Immediate advantages are:
* being able to define functions in the same file as statemachines
* being able to start a program/statemachine from the same file where it is
defined
* being able to write deployment scripts that first 'import()' packages, then
load components and finally connect and start everything (using a statemachine,
program etc) all in the same file, or by recursively calling eval/runScript in
order to delegate code to other scripts.
I propose to extend the deployer with 'runScript'/'eval' functions that take a
service and a filename as arguments which allows the deployer to load that
service and pass it the file or code snippet. This should then work for both
Lua and RTT scripting scenarios. The same XML elements would be available too
for the same purpose.
I believe something like that is in the making for Lua already, so I hope it's
just a matter of merging/streamlining.
This is about how far I'm willing to take RTT scripting. Complexer scenarios
must be expressed in Lua.
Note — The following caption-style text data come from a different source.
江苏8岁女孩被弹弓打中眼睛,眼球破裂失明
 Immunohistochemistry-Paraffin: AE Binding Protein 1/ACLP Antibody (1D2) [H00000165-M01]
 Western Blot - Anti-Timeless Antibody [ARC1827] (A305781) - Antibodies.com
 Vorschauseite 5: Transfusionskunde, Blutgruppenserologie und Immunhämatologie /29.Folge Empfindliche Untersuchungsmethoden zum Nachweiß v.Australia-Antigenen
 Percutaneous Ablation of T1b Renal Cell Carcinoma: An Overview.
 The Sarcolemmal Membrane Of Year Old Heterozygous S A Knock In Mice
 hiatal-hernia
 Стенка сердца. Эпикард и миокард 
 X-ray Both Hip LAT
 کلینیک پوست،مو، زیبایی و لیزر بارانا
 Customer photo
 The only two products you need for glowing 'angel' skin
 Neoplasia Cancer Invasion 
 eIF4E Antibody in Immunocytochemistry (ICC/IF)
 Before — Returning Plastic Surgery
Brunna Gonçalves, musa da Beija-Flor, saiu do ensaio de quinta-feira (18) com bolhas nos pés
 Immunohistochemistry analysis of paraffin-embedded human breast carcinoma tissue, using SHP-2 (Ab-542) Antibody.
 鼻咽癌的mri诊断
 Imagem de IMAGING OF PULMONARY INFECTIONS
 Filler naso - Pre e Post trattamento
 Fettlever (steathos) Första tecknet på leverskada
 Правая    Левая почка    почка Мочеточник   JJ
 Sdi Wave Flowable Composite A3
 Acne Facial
The only[1] hanging issue is the statemachine event
scenario, which should be made more/better compatible with 1.x architectures,
but I still have no concrete solution or target date for that feature.
You can test all this by checking out rtt master, loading the scripting
service in the deployer and use its api, like in
'scripting.eval("kickStart(\"test.xml\")")'
or
'scripting.runScript("file.ops")'
Peter
[1] The other hanging issue is the lack of a 'print' statement built-into the
language and the lack of '++' and '+=' style operators :-)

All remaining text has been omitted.